3. The C blade was bent aft about 45 degrees at 1/4 radius. It had rotational scoring in the paint on the camber side. There was no twisting or deformation at the tip. The pitch change knob was fractured.
The Hartzell report stated that the damage to the propeller blades "suggested that the engine was developing little or no power at the time of impact." The report stated, "There were no propeller discrepancies noted that would have precluded normal operation. All damage was consistent with impact damage." (See Hartzell Propeller Inc., Aircraft Incident/Accident Report No. 020924)
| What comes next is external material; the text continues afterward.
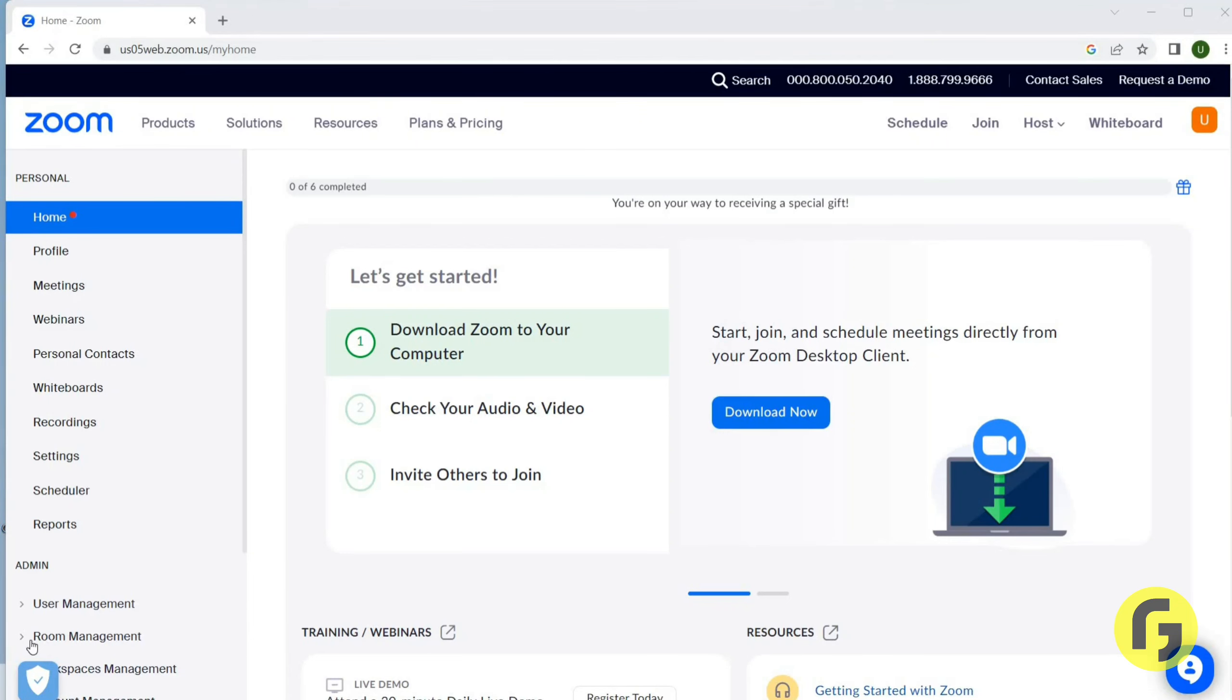Hey guys, welcome back again. I hope you all are doing good. In this video we are going to learn how we can allow chat messages during the Zoom meeting. Let's get started. Once you open Zoom, you will get this page.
The propeller governor, F4-4, serial number 823U, manufacture date October 26, 1964, was inspected at Hartzell Propeller Inc., in Piqua, Ohio. The inspection revealed that the propeller governor's component parts were originally manufactured by Hamilton Standard, and Hartzell remanufactured the propeller governor in 1964 for use in its PA-24-260 application.
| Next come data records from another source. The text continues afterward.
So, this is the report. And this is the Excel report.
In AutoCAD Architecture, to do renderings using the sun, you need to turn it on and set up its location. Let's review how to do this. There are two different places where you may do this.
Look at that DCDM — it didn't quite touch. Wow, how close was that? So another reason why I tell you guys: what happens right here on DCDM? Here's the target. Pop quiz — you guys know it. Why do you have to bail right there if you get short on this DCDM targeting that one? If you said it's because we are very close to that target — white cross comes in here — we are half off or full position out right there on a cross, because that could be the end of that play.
The inspection revealed that the pressure relief valve was the same type originally used by Hamilton Standard, but which Hartzell had stopped using in 1967. There was no indication the propeller governor had ever been overhauled. The Hartzell report stated, "Since 1967 Hartzell has specified different, Hartzell manufactured, pressure relief valve components. Replacement with the later components at overhaul has been long standing common practice and is further required by Service Bulletin 176 dated November 15, 1991."
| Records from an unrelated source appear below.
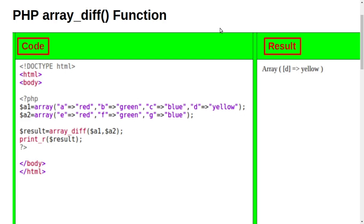Welcome to Green TV. This is part 2 of array video. In this tutorial we will learn about PHP array_diff function.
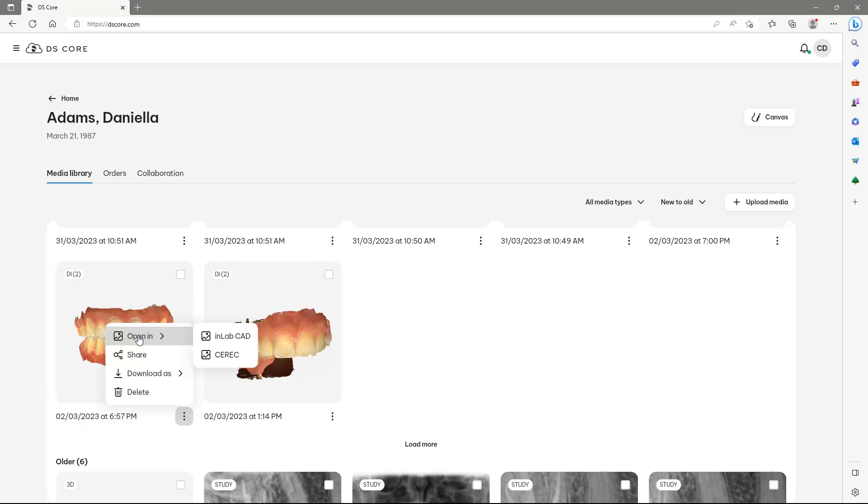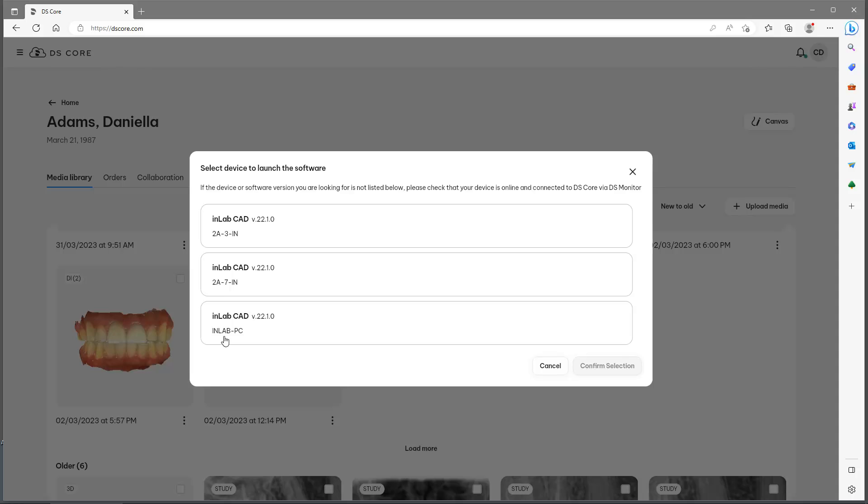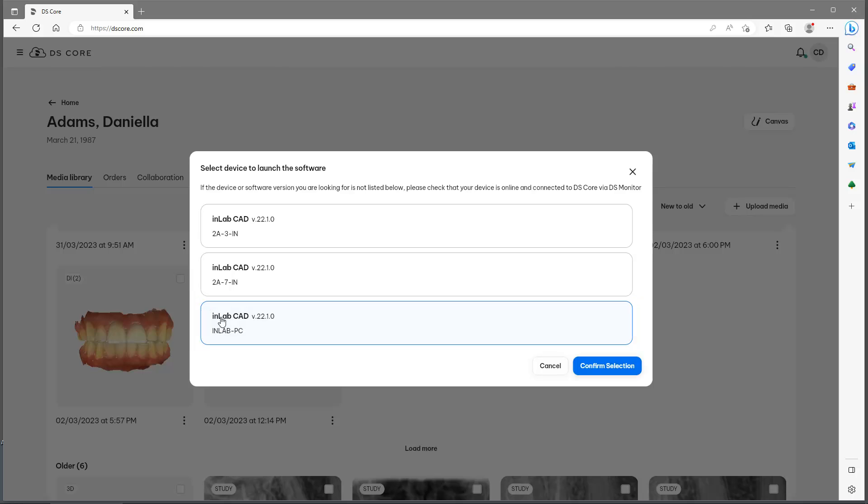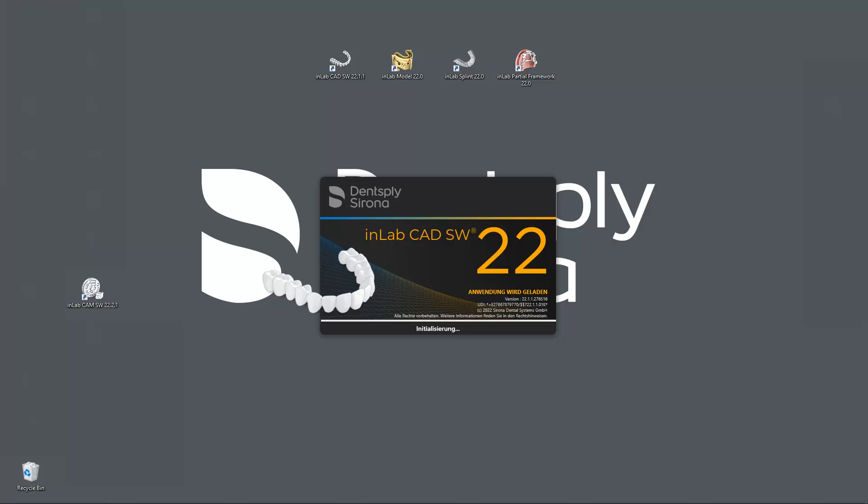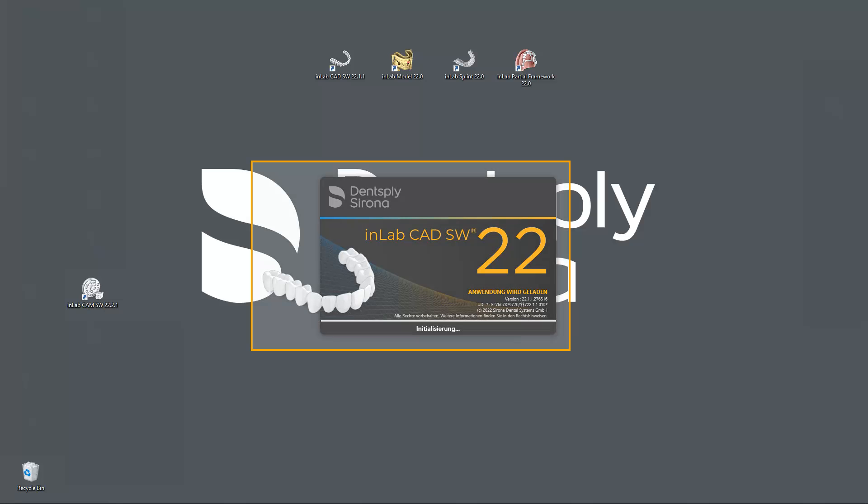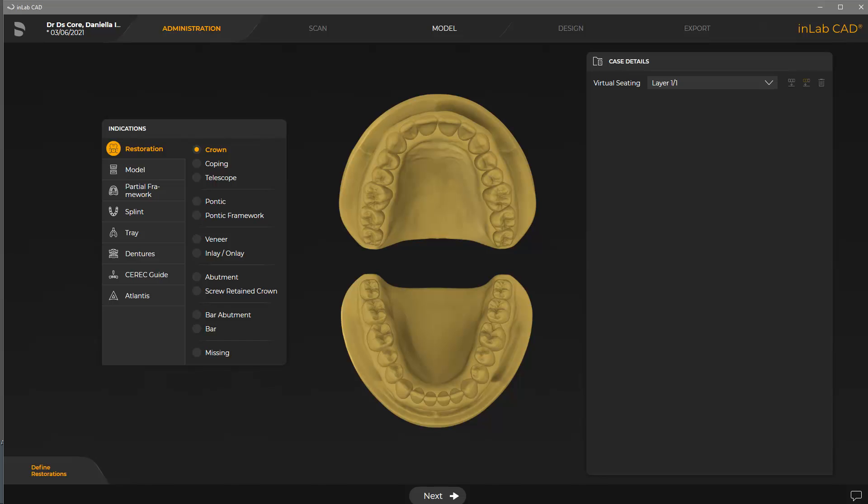For demonstration purposes, we will open the DXD file in InLab CAD software. We choose any suitable workstation, and confirm our selection. Now, InLab CAD software will open automatically, and we can proceed with our case in the administration phase.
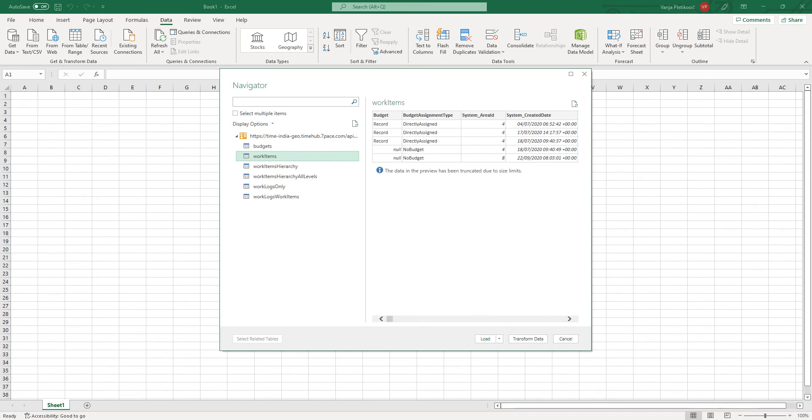Thank you for using the 7-Pace Time Tracker.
The propeller governor was run on a governor test stand with the following results:
Pressure relief valve 275-300 psi 180 psi
RPM 2420 +/- 10 RPM 2428 RPM
Pump capacity @ 1750 RPM 8 to 12 qt/min. 2.2 qt/min.
Internal leakage 8 oz/min. maximum 6 oz/min.
The pressure relief setting and the pump capacity were below specified minimums. An inspection of the pressure relief valve spring revealed it was fractured. The fractured pressure relief valve spring was sent to the NTSB Materials Laboratory for further examination.
The Hartzell report stated, "Deficient pressure and pumping capacity was noted during governor testing and was attributed to a broken pressure relief valve spring. Such deficiency might cause a propeller to operate at reduced blade angle and higher than normal RPM after take-off." (See Hartzell Propeller Inc., Aircraft Incident/Accident Report No. 020924)
The NTSB Materials Laboratory report stated that scanning electron microscope (SEM) examination of the spring coil fracture surface revealed "the presence of a thumbnail pattern with flat features propagating normal to the surface indicative of fatigue." (See NTSB Materials Factual Report No. 03-011)
The Piper Comanche, PA-24-260, Owner's Handbook stated that the flap setting for a minimum takeoff run was 15 degrees of flaps. There was no requirement for using 20 degrees of flaps. The flap system installed on the PA-24-260 is electrical and the flaps can be lowered and stopped in any desired position.
The terrain south of runway 18 at IKV was a open field with few obstacles.
Parties to the investigation included the Federal Aviation Administration, the New Piper Aircraft Company, Textron-Lycoming, and Hartzell Propeller Inc.